PROBLEM DETAILS:
In the data below, find the line that contains "Lien dans la bio" and the line that contains "#calendrierlunaire #lune #phaselunaire". Copy both, plus every line between them, exactly.
── SOURCE INFORMATION
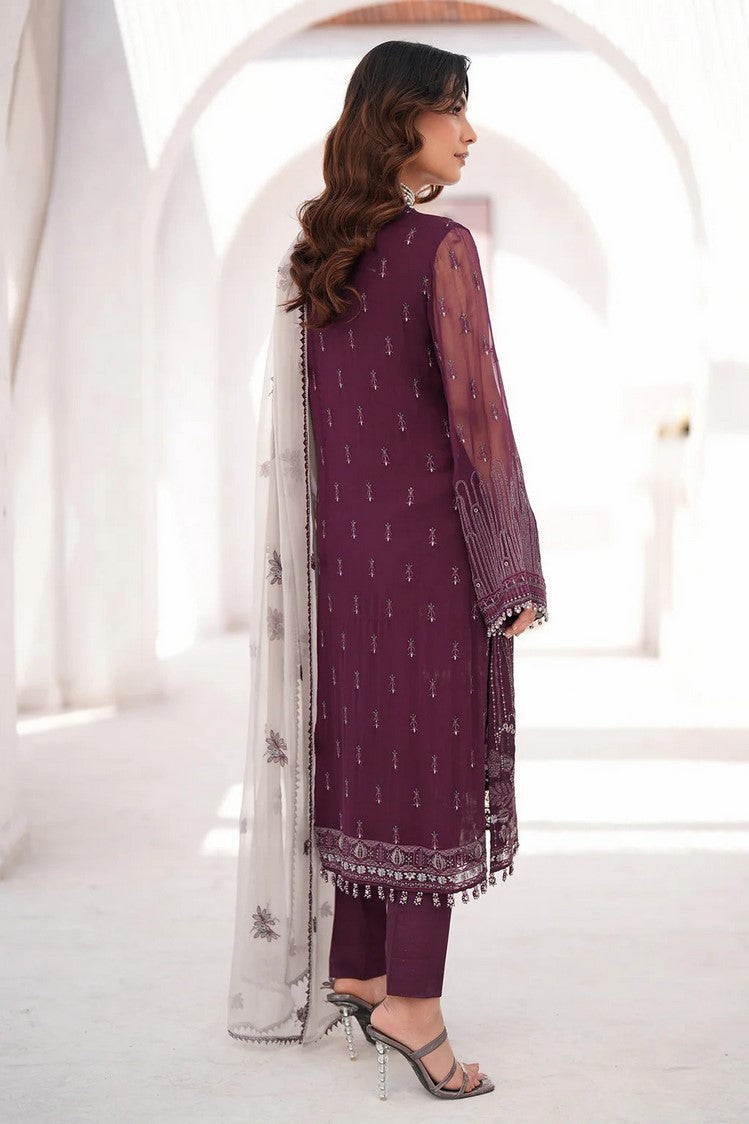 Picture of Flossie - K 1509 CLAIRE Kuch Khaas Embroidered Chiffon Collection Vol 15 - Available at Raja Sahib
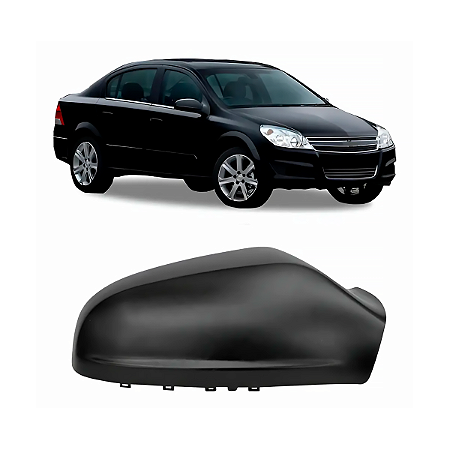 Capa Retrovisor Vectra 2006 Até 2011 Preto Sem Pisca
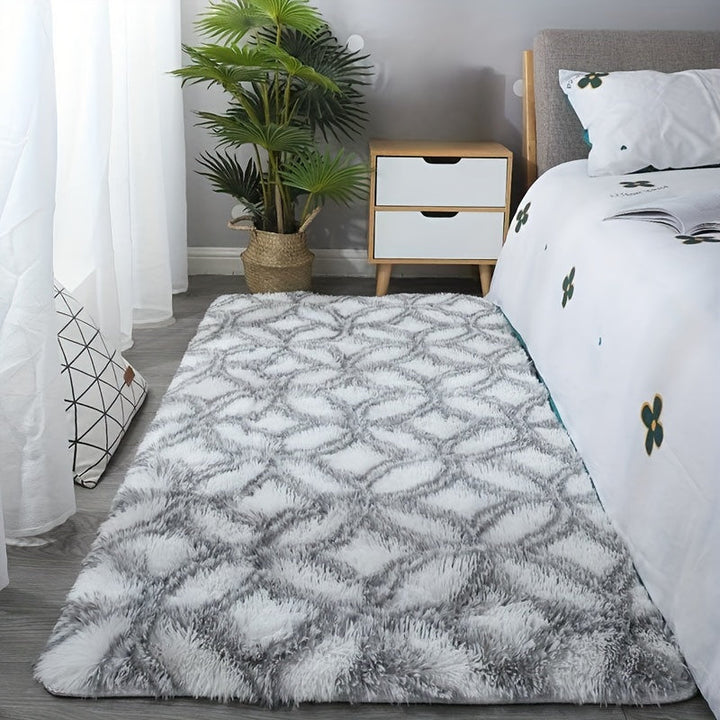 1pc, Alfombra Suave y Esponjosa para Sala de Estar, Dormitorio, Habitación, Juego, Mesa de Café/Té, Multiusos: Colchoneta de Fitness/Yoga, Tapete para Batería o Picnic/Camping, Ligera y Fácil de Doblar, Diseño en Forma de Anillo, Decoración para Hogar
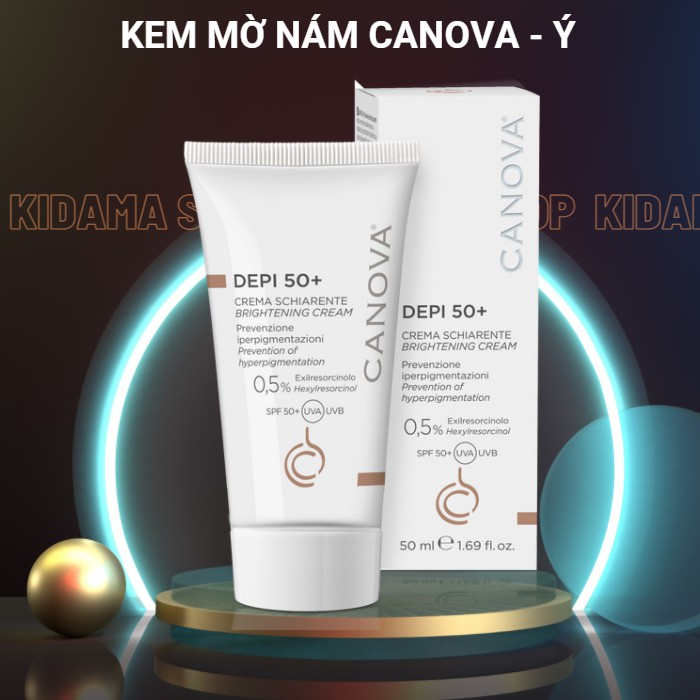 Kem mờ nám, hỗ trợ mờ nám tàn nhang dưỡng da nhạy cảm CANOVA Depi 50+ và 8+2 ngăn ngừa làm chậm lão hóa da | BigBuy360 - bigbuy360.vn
────
── SOURCE INFORMATION
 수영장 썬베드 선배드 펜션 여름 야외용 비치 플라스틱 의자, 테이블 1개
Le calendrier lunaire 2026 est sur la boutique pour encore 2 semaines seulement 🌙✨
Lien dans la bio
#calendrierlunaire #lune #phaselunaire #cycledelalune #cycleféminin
────
── SOURCE INFORMATION
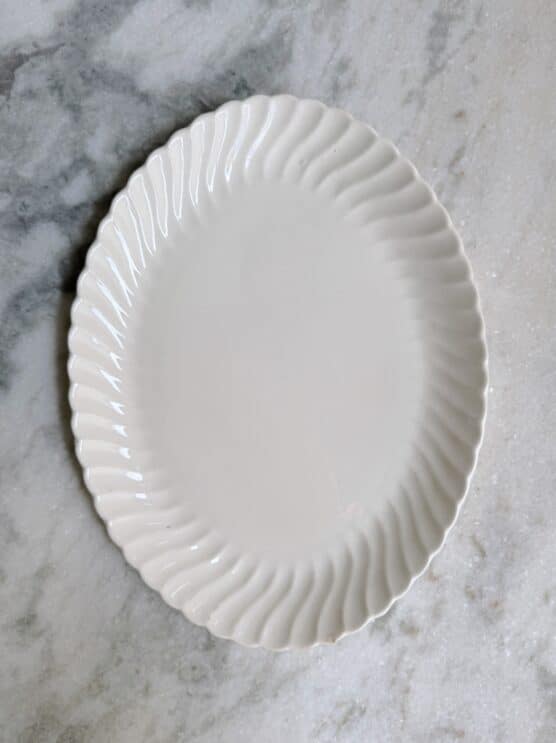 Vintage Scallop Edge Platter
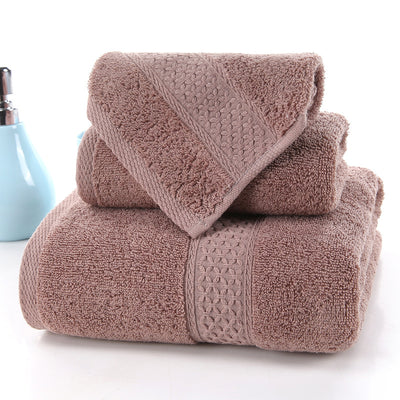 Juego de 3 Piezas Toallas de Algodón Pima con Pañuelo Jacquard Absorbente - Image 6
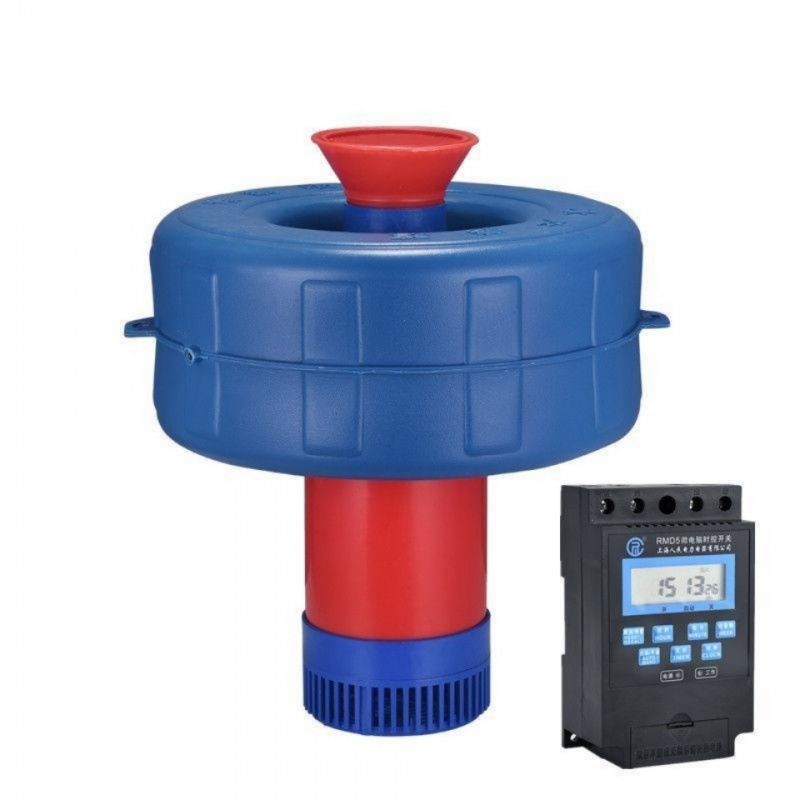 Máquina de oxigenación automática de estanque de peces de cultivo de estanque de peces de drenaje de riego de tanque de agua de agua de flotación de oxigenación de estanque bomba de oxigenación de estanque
────
SOLUTION:
Lien dans la bio
#calendrierlunaire #lune #phaselunaire #cycledelalune #cycleféminin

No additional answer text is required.